You'll have to put the last line into your .bashrc or .bash_profile.

This method has two advantages:

·
It separately installs all Python packages into ~/vdirsyncer_env/, without relying on the system packages. This works around OS- or distro-specific issues.
·
You can delete ~/vdirsyncer_env/ to uninstall vdirsyncer entirely.

The new, perfect way

pipsi is a new package manager for Python-based software that automatically sets up a virtualenv for each program you install. Assuming you have it installed on your operating system, you can do:

pipsi install --python python3 vdirsyncer

and .local/bin/vdirsyncer will be your new vdirsyncer installation.
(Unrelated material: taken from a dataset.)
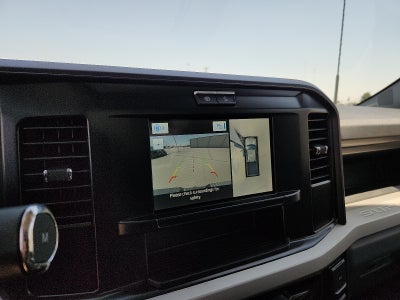 2025 Ford Super Duty F-250 SRW XL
To update vdirsyncer to the latest version:

pipsi upgrade vdirsyncer

If you're done with vdirsyncer, you can do:

pipsi uninstall vdirsyncer

and vdirsyncer will be uninstalled, including its dependencies.

Contributing to This Project

Important: Please read contact for questions and support requests.

The issue tracker

We use GitHub issues for organizing bug reports and feature requests.

The following labels are of interest:

·
"Planning" is for issues that are still undecided, but where at least some discussion exists.
·
"Blocked" is for issues that can't be worked on at the moment because some other unsolved problem exists. This problem may be a bug in some software dependency, for instance.
·
"Ready" contains issues that are ready to work on.

All of those labels are also available as a kanban board on waffles.io. It is really just an alternative overview over all issues, but might be easier to comprehend.

Feel free to contact me or comment on the relevant issues for further information.

Reporting bugs

·
Make sure your problem isn't already listed in problems.
·
Make sure you have the latest version by executing pip install --user --upgrade vdirsyncer.
·
Use --verbosity=DEBUG when including output from vdirsyncer.

Suggesting features

If you're suggesting a feature, keep in mind that vdirsyncer tries not to be a full calendar or contacts client, but rather just the piece of software that synchronizes all the data. Take a look at the documentation for software working with vdirsyncer.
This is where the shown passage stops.